どこかのホームレス用の住居に入ったのか?

その辺りを通ると、たまに彼のことを思い出す。


2 ホームレスの日々の暮らし

ホームレスの暮らしと言っても、千差万別。
低所得者層用の簡易宿泊所にいて、パウエル ストリートで物乞いする人もいれば、ミッション地区で引越しした人の荷物のいらないものを道端で売ったりする人もいる。
高速道路の高架下にダンボールで家を作って寝ている人もいれば、テントもダンボールも持たない。その辺にごろ寝の人も。
せっかく恵んでもらっても大半の人はドラッグに使ってしまう。
何人かの人は、最近では日本でも見るようになった、ビックイシューを売って生計を立てている。中国人の中には、ホームレスでなくても、生活のため、あちこちのゴミ箱をあさって缶を集める人もいる。以前、通っていた芸大のキャンパス内のゴミ箱まで漁っていたのでびっくりしたことがある。そこは景色のいいところにキャンパスがあるので、観光客もカフェに入ってこれるし、セキュリティーが甘いので、黙認されているようだった。
 空き缶はCala Foodsのスーパーの外にある機械で、コインに変えられるので、集めて持っていく人がいる。

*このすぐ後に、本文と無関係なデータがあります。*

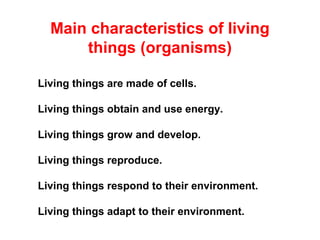 Living things are made of cells.
Living things obtain and use energy.
Living things grow and develop.
Living things reproduce.
Living things respond to their environment.
Living things adapt to their environment.
Main characteristics of living
things (organisms)
 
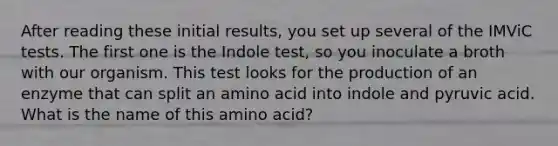 After reading these initial results, you set up several of the IMViC tests. The first one is the Indole test, so you inoculate a broth with our organism. This test looks for the production of an enzyme that can split an amino acid into indole and pyruvic acid. What is the name of this amino acid?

ホームレス対策だけでなく、エコで、市民の経済に優しいのでいいと思うが、一度捨てたものをまた拾うのは、やはり清潔ではないので、よっぽど勇気があるか、追い詰められた人でないとできないと思う。

よくたむろしているのは、市庁舎の近くの図書館の裏。
図書館も黙認。
階段状のデザインになっていて、その階段に横たわって寝る。
荷物はスーパーのカートを取ってきて、全財産を入れている。
昼間は、図書館の隅の椅子で本を読んで時間を潰す。
トイレで顔や体を洗うので張り紙がしてある。「ここで体を洗わないでください」
当たり前やろと思うがサンフランシスコではバスターミナルの洗面台でも体を洗っている人を見てしまった。 
それで、市は苦肉の策で、ホームレスが使っていい、ホームレス用のシャワールームを用意した。
行ったことはないが、聞くところによると、日本のビーチにあるシャワー室のような感じらしい。
かなり臭いらしい。

ホームレスだからといって、教養をつけるのはいいことだと思う。
NPOがホームレスに絵を教えたり、一緒に音楽を聴くところもある。
食べ物は、クリスチャン系のフードキッチン、ただで缶詰などを配る日曜礼拝。
並んでいたら、飢えることはない。人によっては何周も並ぶ人もいるが誰も咎めない。

芸大で有名になったホームレスがいた。
フォーマットが変わってしまったので、今のコンピューターではお見せできないが、専門のところではフォーマットを変えてくれたら見れるかもしれない。ある、ホームレスが、San Francisco Art Institute に住んでいて、そこに落ちていた雑誌の上から毎ページ漏らさずドローィングを埋めていた。クレヨン、ペン。キャンパスで拾ったのだろうか?
結構良く出来ている。
結局キャンパスで亡くなったらしいが、学校は彼の意志を継いで、 CD-R化して、生徒にセミナーで彼の話をした。
私もまだそのアーチストのCD-Rを持っている。
学校も当時知っていてキャンパスから追い出さなかったことが、彼の迷作を生んだのだ。

まさにアールブリュット。



3 ダウンタウンの新条例

 ホームレスはダウンタウンのそこらじゅうにいる。
市は古いホテルを低所得者やホームレス用のアパートにしているが、リーマンショック後、目に見えてホームレスが増えてきた。特に女性や中国系などのマイノリティーや若い母子やアーチスト崩れの人は以前見かけなかった人達を見かけるようになった。
観光立国として成功したサンフランシスコにとって、ホームレスの存在はあまり気持ちのいいものではない。ましてや、麻薬常習者が誰彼なしに麻薬を買うお金をせびるのは、あまり気分のいいものではない。それでもいろんなタイプのNPOが彼らを援助しようとしている。主だったのは、食糧支援のスープキッチン、食べ物をそのまま寄付する教会系の団体や、元ホテルをモダンにリフォームした、ホームレス用住宅。立ち直りや趣味の支援のアート系の団体。
そこで、新しく考えたのが、海沿いのエリアにテントをたくさん作って、テント村を作ること。
カラフルなテントに炊き出し。シャワー。
申し分ないとまでは言えないが、一応の施設は揃っている。
だが、当事者にしてみたら、アパートの方が居心地がいいし、自分のテリトリーやつながりもある。海沿いだから朝晩は寒いし、一箇所に集められても逆に孤独感に陥る、というのが当事者の意見だろう。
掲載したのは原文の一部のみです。